HANOI, April 8 (Reuters) - Vietnam's stock market regulator expects FTSE Russell's long-awaited confirmation of the country's emerging market status will help draw ‌foreign capital back to a market that has suffered from steady selling this year.

"It contributes to attracting large-scale international investment flows, enhancing liquidity, and strengthening Vietnam's position in the global financial system," the State Securities Commission said in a statement on Wednesday.

FTSE Russell announced on ​Tuesday it will upgrade Vietnam to emerging market status from frontier status in September, when it will start ​adding the country to its global equity indexes in phases.

The index provider estimates the change could ⁠redirect up to $6 billion into Vietnam, which has since 2018 been on the watchlist for entry into the ​category that also includes China and India.

"Foreign capital is expected to build progressively ahead of and during index inclusion", with "passive ​inflows, alongside significantly larger active allocations" totalling as much as $8 billion, Maybank Securities analysts wrote in a research note.

"The phased implementation should enable orderly absorption while supporting a steady improvement in market liquidity and depth."

Foreign investors have sold Vietnamese equities this year, with net ​outflows from the Ho Chi Minh Stock Exchange totalling approximately $1.2 billion to date, following $5 billion in net outflows in ​2025, according to official data.

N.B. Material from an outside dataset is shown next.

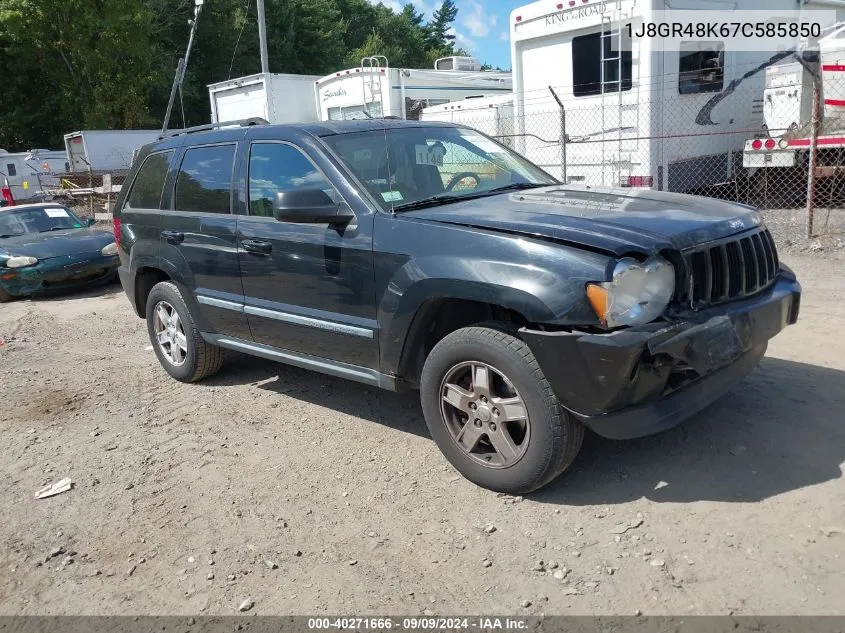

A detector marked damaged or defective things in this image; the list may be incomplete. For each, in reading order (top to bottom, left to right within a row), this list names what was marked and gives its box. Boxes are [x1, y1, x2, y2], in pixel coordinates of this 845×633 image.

cracked headlight [588, 256, 672, 328]
damaged front bumper [516, 268, 800, 440]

FTSE Russell said adding $6 billion in foreign capital would give Vietnam a weighting of as much as ‌0.35% in ⁠its emerging market index, with conglomerate Vingroup, Masan Group, FPT Corp and Hoa Phat among potential inclusions.

The index compiler expects around $1.5 billion in passive inflows, with 10% of that added in September, an additional 20% in March, and 35% each in June and September of next year.

Despite being on the watchlist for eight years, Vietnam only became serious ​about the reforms needed to ​merit the upgrade in ⁠2022, when turbulence in the bond and property sectors exposed the limits of credit-led growth, said Hoang Huy, an equity strategist at Maybank Securities Vietnam.

Initiatives since then include scrapping ​equity pre-funding, moving toward centralized clearing by 2027 and allowing foreign investors direct access ​through global brokerages.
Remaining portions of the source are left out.